Friday, 17 August 2018 00:10 -     - {{hitsCtrl.values.hits}}

Following strikes by powerful trade unions the Government has decided to appoint a salaries commission that would be tasked with evaluating the salary structures of the entire public sector and recommend reforms to streamline the different grades and reduce salary anomalies. The Commission, which is expected to give their report in two months, could provide important proposals for the Government to better manage its finances.

The Salaries Commission will conduct an in-depth study on the provisions of the existing circulars dealing with the payment of salaries and other allowances paid to public sector employees and will make its recommendations to the Government within the next two months.

The Government, based on the recommendation of the Salaries Commission, will introduce a new salary structure to increase the salaries of all public servants and to remove the reported salary anomalies that exist at certain government institutions including the Railways Department. 

The commission comes after a standoff between the Government and railway trade unions that went on strike demanding a salary increase. Minister Samaraweera rejected trade union demands as a salary hike for the railway department would have resulted in a pay increase for 24 other grades within the public sector including for teachers, doctors and police. After a days-long standoff President Maithripala Sirisena met with the railway trade unions and promised to find solutions to their demands. However, this compromise looks set to be short lived as railway unions have only given the government one week and have threatened to recommence their strike next Tuesday. 

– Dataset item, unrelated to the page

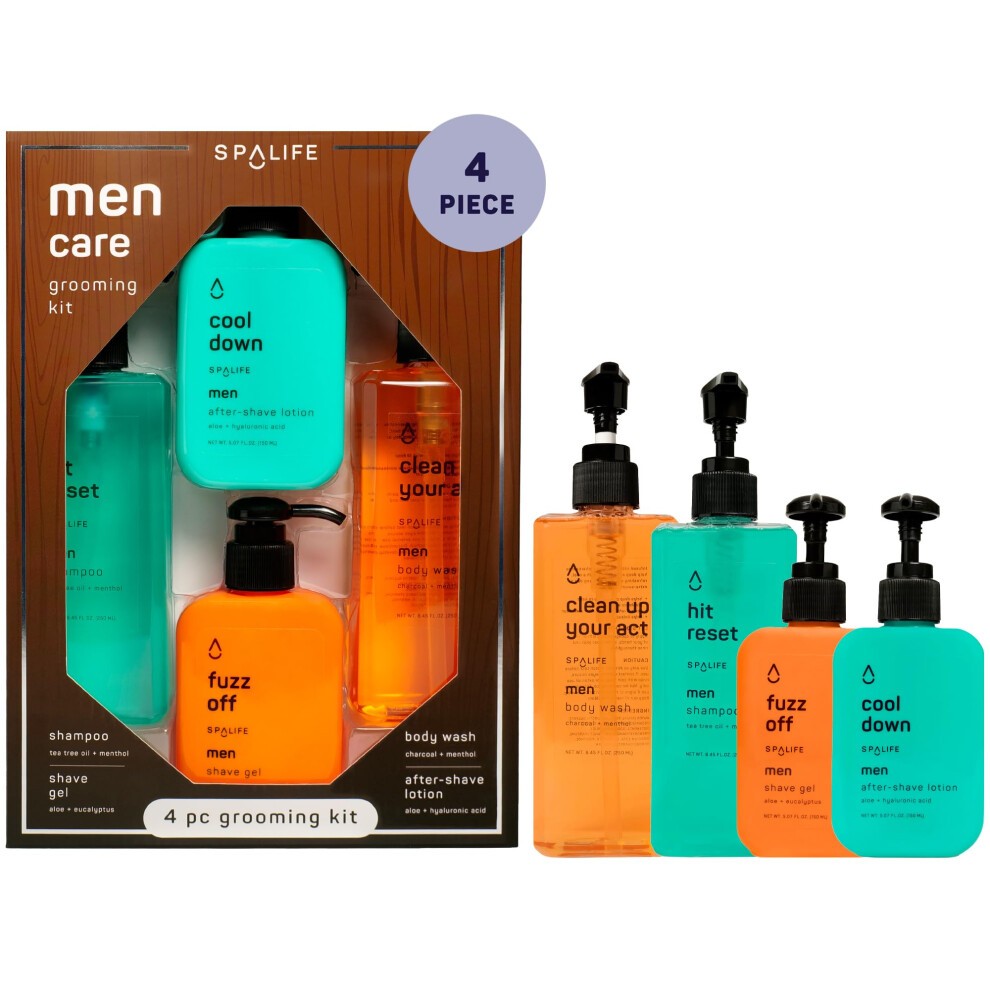 Spalife Men ' S Hair & Body Care 4-Piece Set – Body Wash, Shave Gel, After-Shave Gel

The challenge of salary demands is that the public sector is overcrowded and salary payments are made irrespective of the financial performance of the institution. When State assets become loss-making, they have to be funded by taxpayers, forcing governments to increase taxes and divert revenue that could be spent on healthcare, education and housing into maintaining corporations that provide little or no benefit to the people. In extreme cases, more loans have to be taken to repay old loans, entrapping countries in colossal debt and causing massive macroeconomic headaches to governments. These hidden costs are rarely seen by the masses, but governments are stepping up to tackle them. 

In mid-2017, Moody’s Investors Service put Sri Lanka’s public enterprise debt at a whopping 14% of GDP and warned the Government of additional risks to its finances should such debt require any State support, which is likely to become the case as most cannot support repaying their debt. This translates into a massive debt pile of little under $ 12 billion, or Rs. 1,848 billion, that has accumulated due to the continuous annual losses. According to Moody’s, the total liabilities include Government guarantees, outstanding SOE debt to the banking system and outstanding SOE foreign borrowings. 

As difficult as it is, an emotionally driven political discourse on loss-making State assets should not be allowed to take precedence over the economic facts. Paying salaries, perks and pensions of an overloaded public sector is a colossal task that will become increasingly difficult given Sri Lanka’s limited growth and socio-economic dynamics such as a rapidly aging population. The salaries commission would also have to take into account these peripheral factors in making its recommendations and link them to larger public sector reforms for the process to be successful.